La lezione più significativa che le ha dato?
«Disciplina e rispetto. Se non rispetti te stesso e il tuo lavoro, non puoi rispettare il pubblico. No, Eduardo non era un arrogante, ma una creatura austera, seria, perbene. E un uomo perbene desta sempre un po' di paura».

Parliamo del suo personaggio?
«Mi piace perché è un tenero ottimista, che convive con una profonda malinconia. Costruendo il presepe, Luca Cupiello tenta di aggiustare la propria vita. Il suo microcosmo di sughero e pastori incarna la pace e l'armonia che egli cerca per sé e la famiglia».

Concetta, la moglie, chi sarà a interpretarla?
«Non ho ancora scelto l'attrice.

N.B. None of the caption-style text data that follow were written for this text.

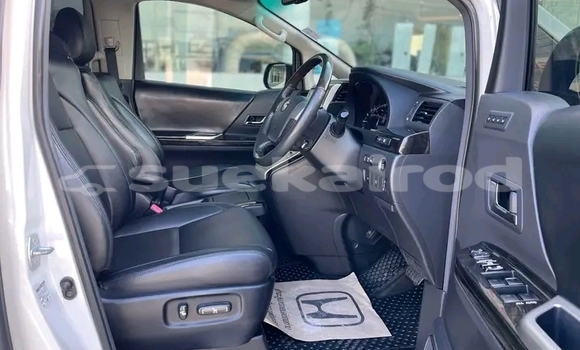 Buy Used Toyota Alphard White Car in Krabi in Krabi Buy Used Toyota Alphard White Car in Krabi in Krabi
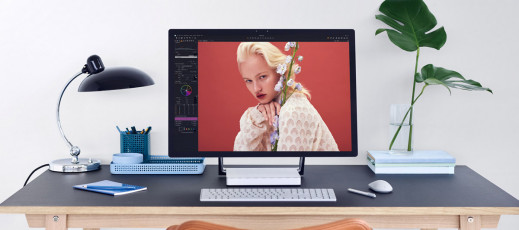Nowości w Capture One - pełna kompatybilność aparatów Fujifilm i obsługa presetów RNI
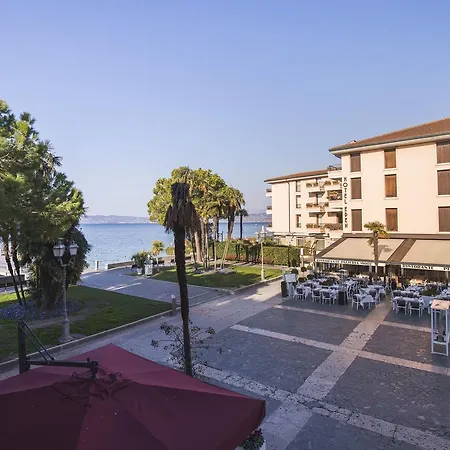 Terme Hotel Sirmione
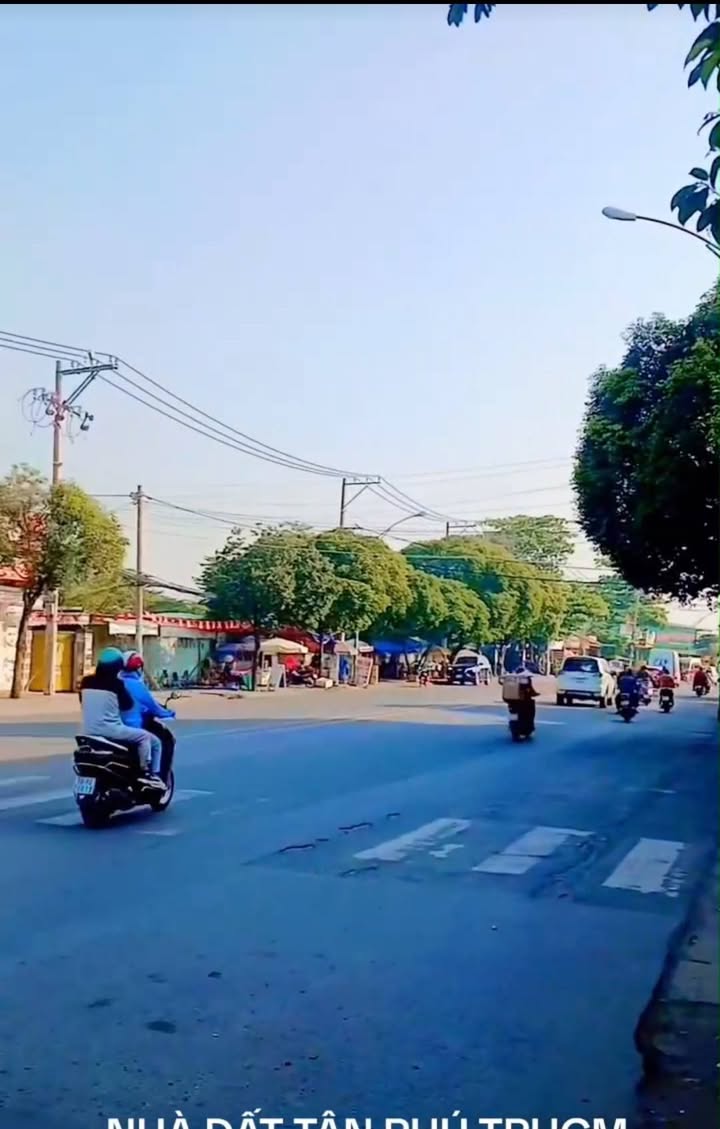 Nhà mặt tiền Chế Lan Viên 70m² giá thỏa thuận - Đầu tư sinh lời lý tưởng!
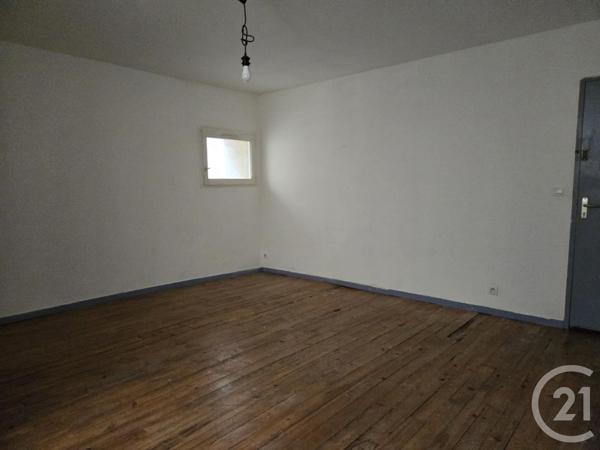 Appartement F1 à vendre  1 pièce - 27,64 m2 DAX - 40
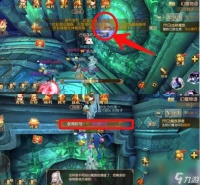 御剑情缘节日幻魔物语怎么打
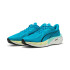 Chaussures de Running Puma Velocity Nitro 4 Speed Bleu-Or Moo Homme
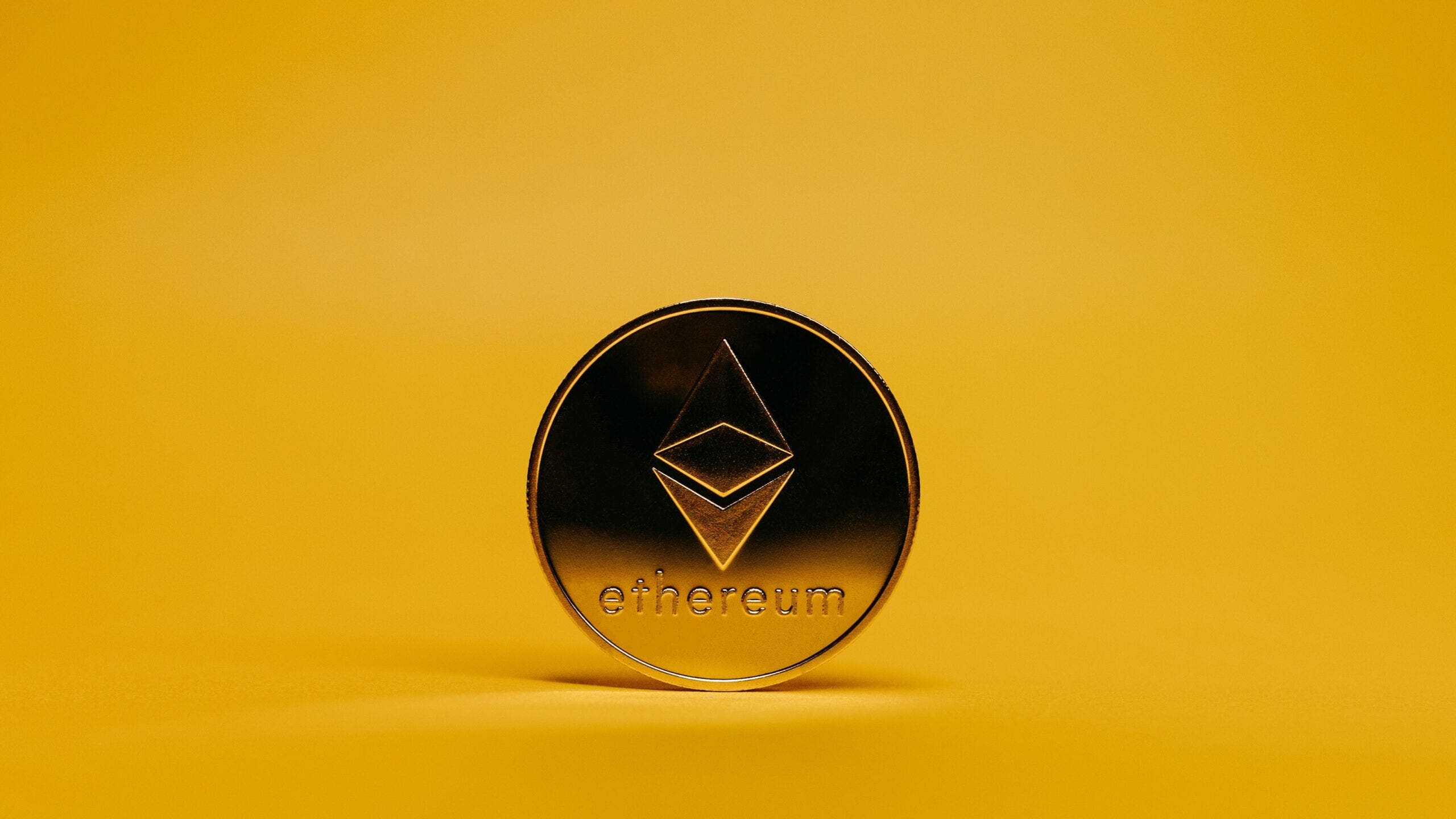 Ethereum price live today (05 Mar ) - Why Ethereum price is up by % today | ET Markets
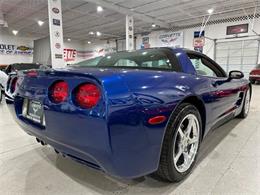 2004 Chevrolet Corvette (CC-2078751) for sale in Dallas, Texas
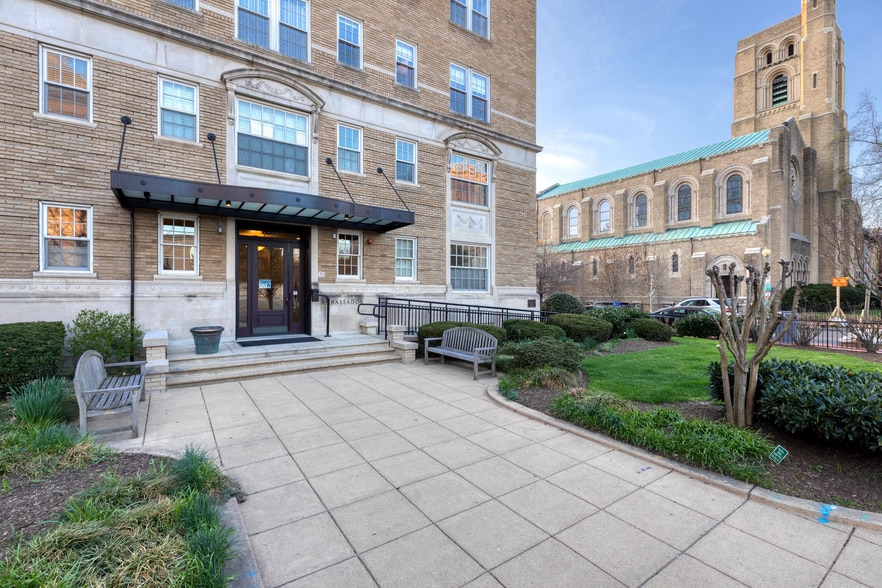 1750 16th - 1750 16th St NW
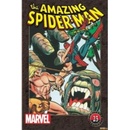 Komiksy a manga Netopejr Comicsové legendy 23: Spider-man - kniha 07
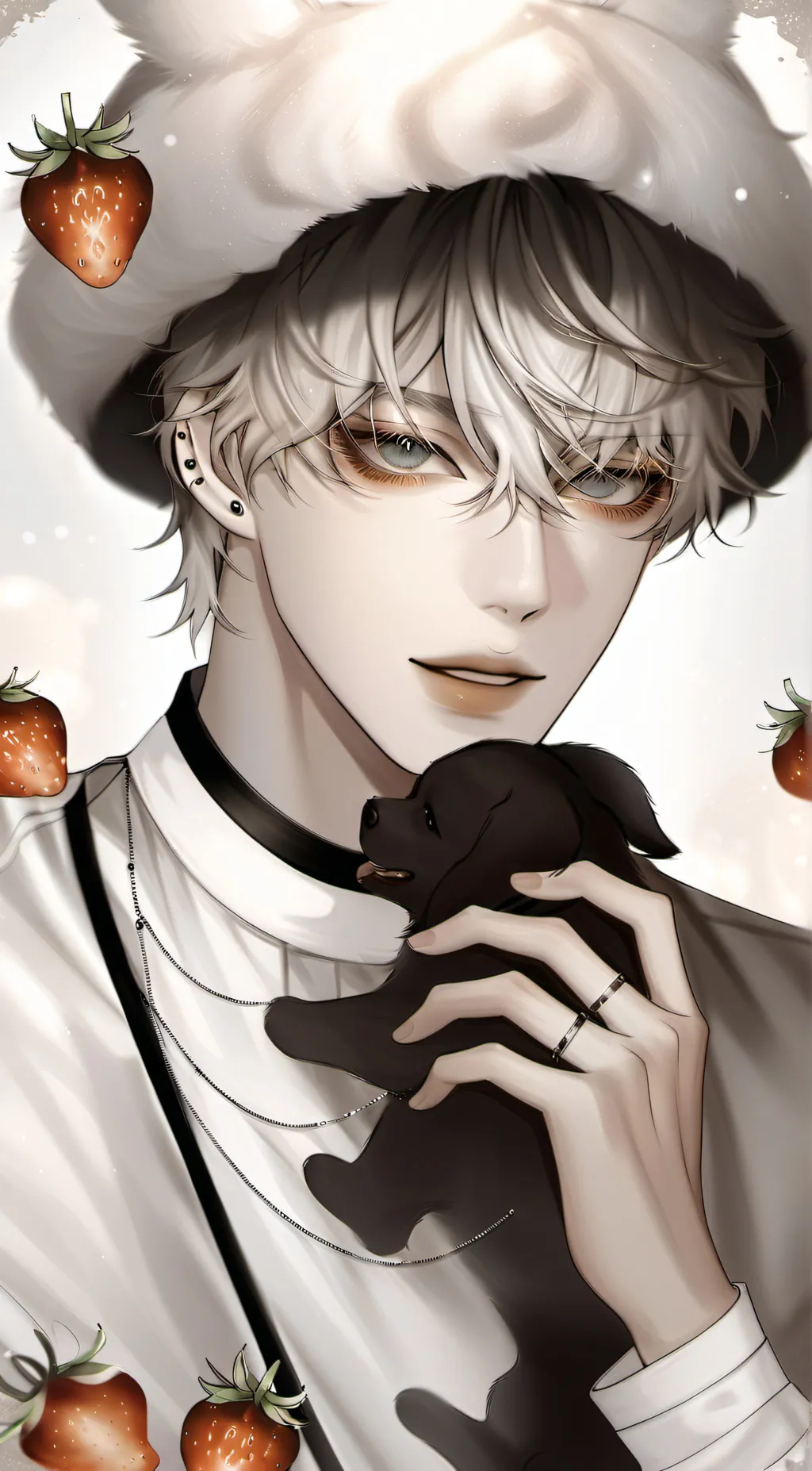 ai character: Ace background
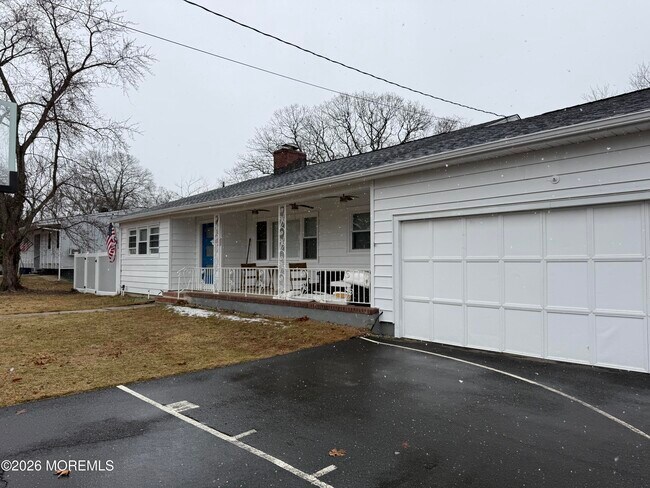 222 Elberon Blvd in Ocean Township, NJ - Building Photo - Building Photo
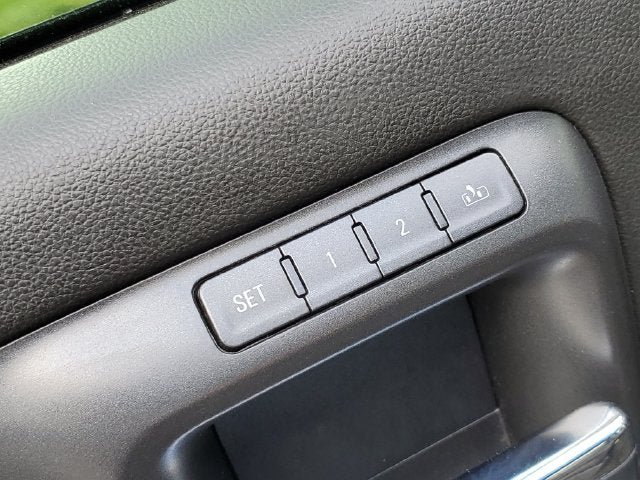 Used 2016 Chevrolet Silverado 2500 LTZ w/ Duramax Plus Package AWD/4WD image 24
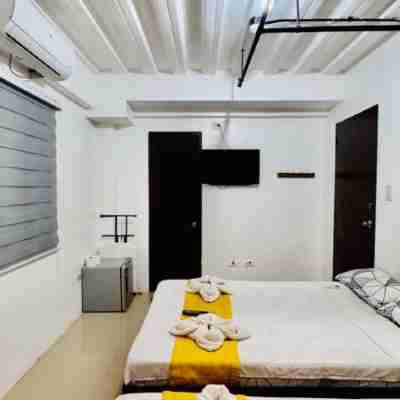 Wald's Place Boracay Rooms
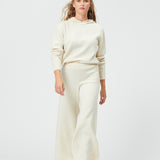Florence Pant - Oatmeal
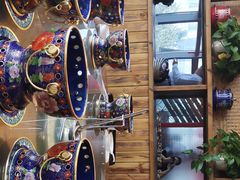 -前门·鲜肉火锅(长风店)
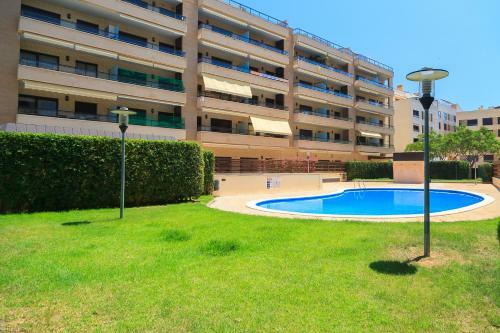 Apartamento Uhc Cambrils Paradis Family Complex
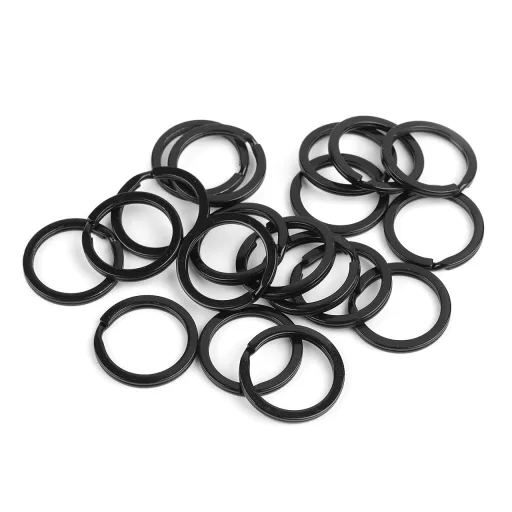 Kulcskarika Ø30 mm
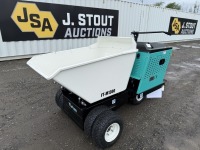 2026 Future FT-M1300 Mini Wheel Dumper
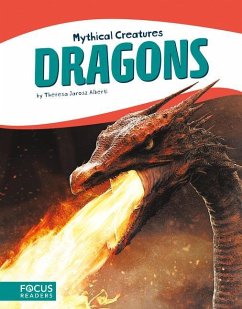 Dragons - Jarosz Alberti, Theresa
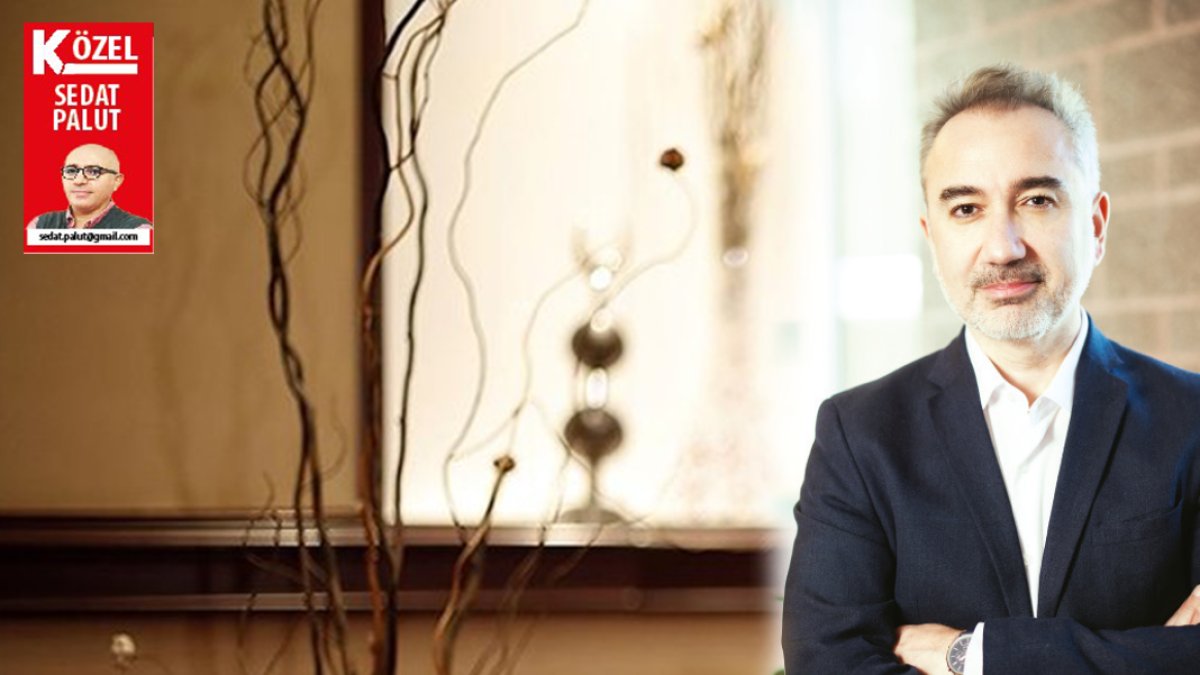 ‘İslam bir dindir devlet değildir’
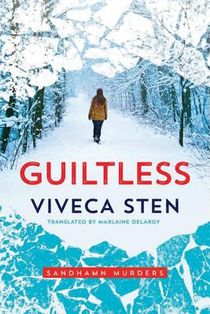 Guiltless voorzijde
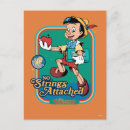 Recherche de pinnochio cartes postales Graphique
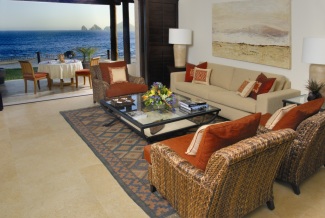 Olamar Living Room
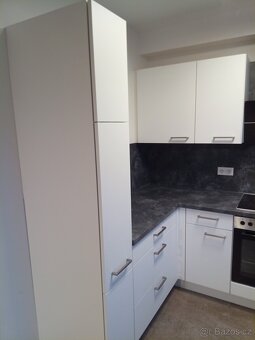 Moderní kuchyňská linka - 2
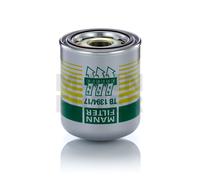 MANN-FILTER TB 1394/17 x Cartucho del secador de aire - para Camiones + Autobuses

Il personaggio è modernissimo: una donna e una madre a tutto tondo, che si occupa dei figli, comprende e sostiene il marito bambino e sognatore; e ha una forte impronta maschile... entrambi sono archetipi, scritti negli anni 30!».

Tradirà l'originale?
«No! Cioè... lo tradisco nel momento in cui lo rimetto in scena, perché nell'immaginario collettivo c'è soltanto quel signore là, che emerge dalle coperte, con la sua sagoma e le rughe: Eduardo. Già ascoltare la mia voce sarà un trauma. Né ardisco al confronto. Ecco perché non ho paura. Se l'avessi, allora sì peccherei di presunzione».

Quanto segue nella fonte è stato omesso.